Hi, I'm just wondering if anyone else here has a Vizsla mix and not a purebred. This is Gunner. His father was purebred Vizsla and his mother purebred Lab so they said he's a hybrid. I have a yellow lab currently and these dogs have nothing in common. He seems to be a lot more like a Vizsla than Lab. His fur is totally different, super short with no undercoat, he's got the tall, skinny yet muscular frame and those floppy ears. His eyes are the exact same reddish brown as his coat. His nose is darker than a typical Vizsla but not black, more of a light brown. I see a little bit of lab in his face and he has a white patch on his chest.

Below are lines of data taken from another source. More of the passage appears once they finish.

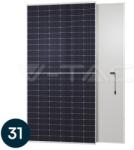 V-TAC 31 darab Osda 580W Mono félcellás szolár panel, N-Type napelem, 2278x1134mm - SKU 12295 (1229531)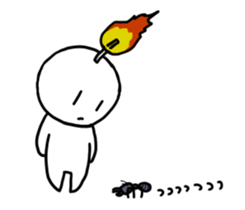 little candle sticker #4658995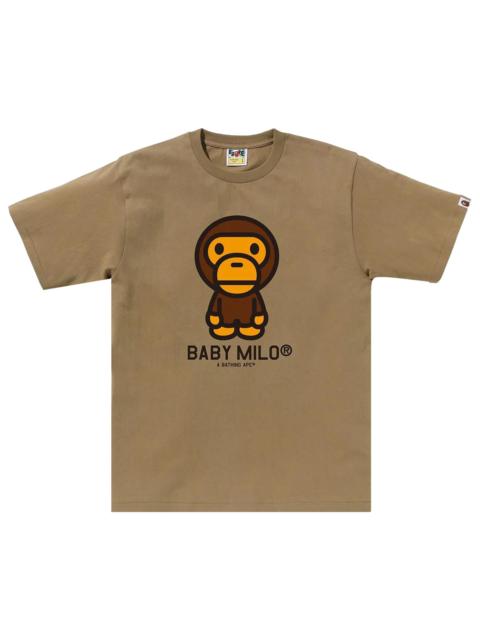 A BATHING APE® BAPE Baby Milo Tee 'Beige'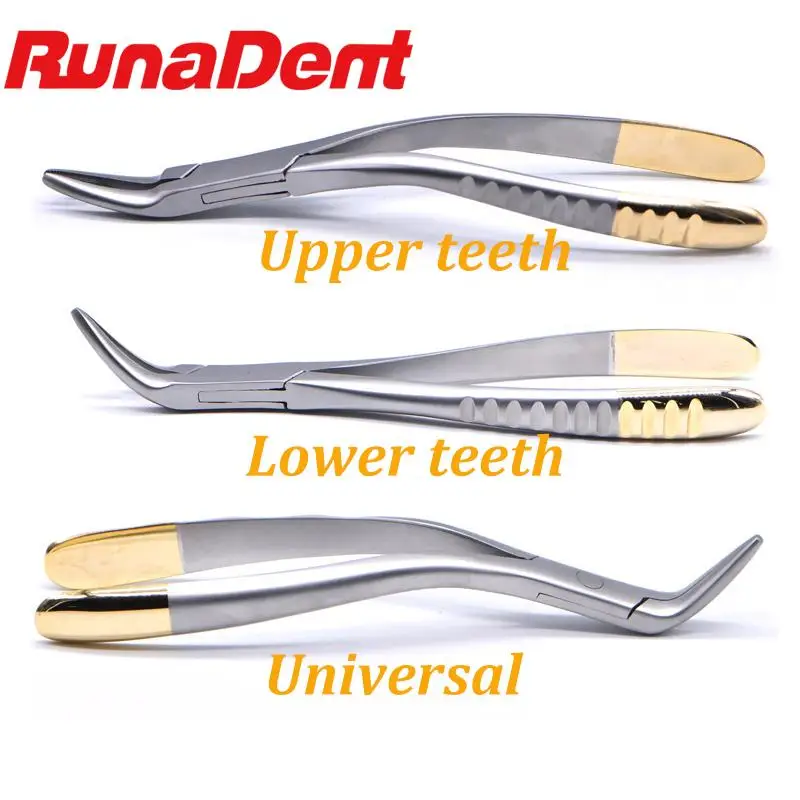 Dental Forcep Root Fragment Minimally Invasive Extraction Tooth Pliers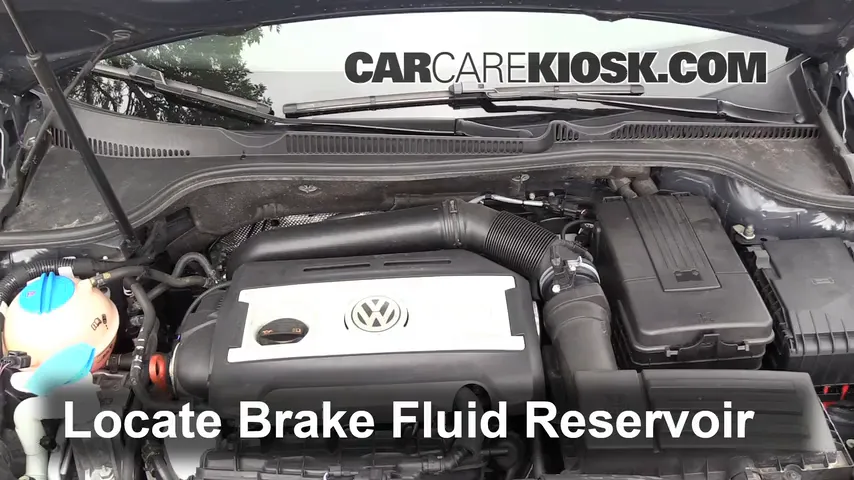 2012 Volkswagen GTI 2.0L 4 Cyl. Turbo Hatchback (2 Door) Brake Fluid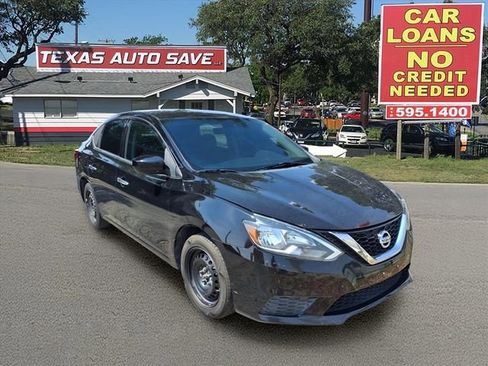 Used 2017 Nissan Sentra S FWD image 1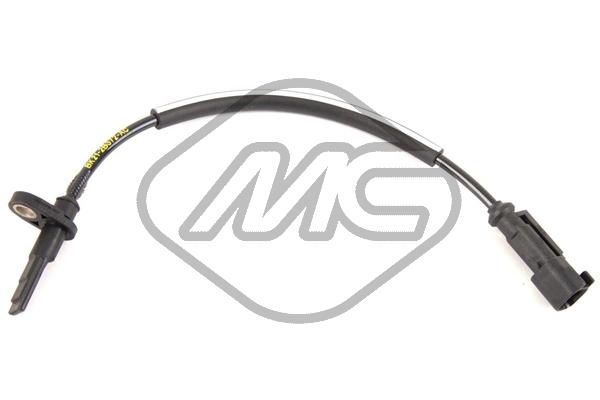 Capteur, vitesse de roue Metalcaucho 51527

He's only 15 weeks so it'll be interesting to see how he looks when grown. Anyone else have a mix? Curious to see what others look like.


----------



## mswhipple (Mar 7, 2011)

Gunner is a very cute boy! You can see from the growth plates in his front legs that he will be growing quite a bit taller. Also, those soft wrinkles on his forehead are very Vizsla. He's adorable... My last dog before Wille was a V mix, but I don't really have decent pictures to post. Lost them during a computer switch. She had a more reddish coat than Gunner, but a darker nose than typical Vizsla. Enjoy his puppyhood, it doesn't last long enough, really.


----------



## newpuppy21 (Oct 13, 2011)

Oh I hope he doesn't get too tall! His dad was only 45 lb and we are hoping for under 60 lb for sure. So hard to tell though. He was 18.5 lb at his 13 week checkup. The vet was estimating 75 lb but I think that's crazy since his dad was 45 lb. I'm interested to see if he'll look more like a Lab or Vizsla as he gets bigger though I don't think we can go wrong either way.

Anyone else have a mix?


----------



## harrigab (Aug 21, 2011)

My Ruby is a wire-haired crossed with a smooth haired, both V's, but not a breed. She is however a beauty with hybrid vigour and so far showing the best traits of both breeds


----------



## DougAndKate (Sep 16, 2011)

Elroy is supposedly V/Am Staff mix. I guess we really won't ever truly know. We rescued him when he was about 3 months old. Sometimes he looks like a straight V, and sometimes he looks awfully "pitty". But most of his characteristics are definitely V, and we've learned so much from this forum...


----------



## DougAndKate (Sep 16, 2011)

And a more recent pic of Elroy, now 8 months old


----------



## newpuppy21 (Oct 13, 2011)

@DougandKate: He's beautiful. He looks huge for not full grown, lol. Very Vizsla like except his ears seem a little short, not floppy enough. I wonder if Gunner's mama passed on any of her looks on to him at all. He's 50% Lab but he has the Vizsla tail, they did the crop on it, build, ears, eyes, short coat. He's maybe a little lighter in color and his face isn't as narrow, more Lab like. It's weird though, more V like in personality so far too. I've owned a ton of Labs and he's different for sure.


----------



## finch (Sep 19, 2011)

We think our little girl, Finch, is mixed with a V, but not certain. Her mom was some kind of pit mix rescued from the streets of Georgia and we're not sure about the dad, but Finch has lots of V traits. She has shorter ears like a pit and gets a muscular look in her chest every once in a while depending on how she sits/stands. I have learned a lot from this forum as her personality fits a V to the T! 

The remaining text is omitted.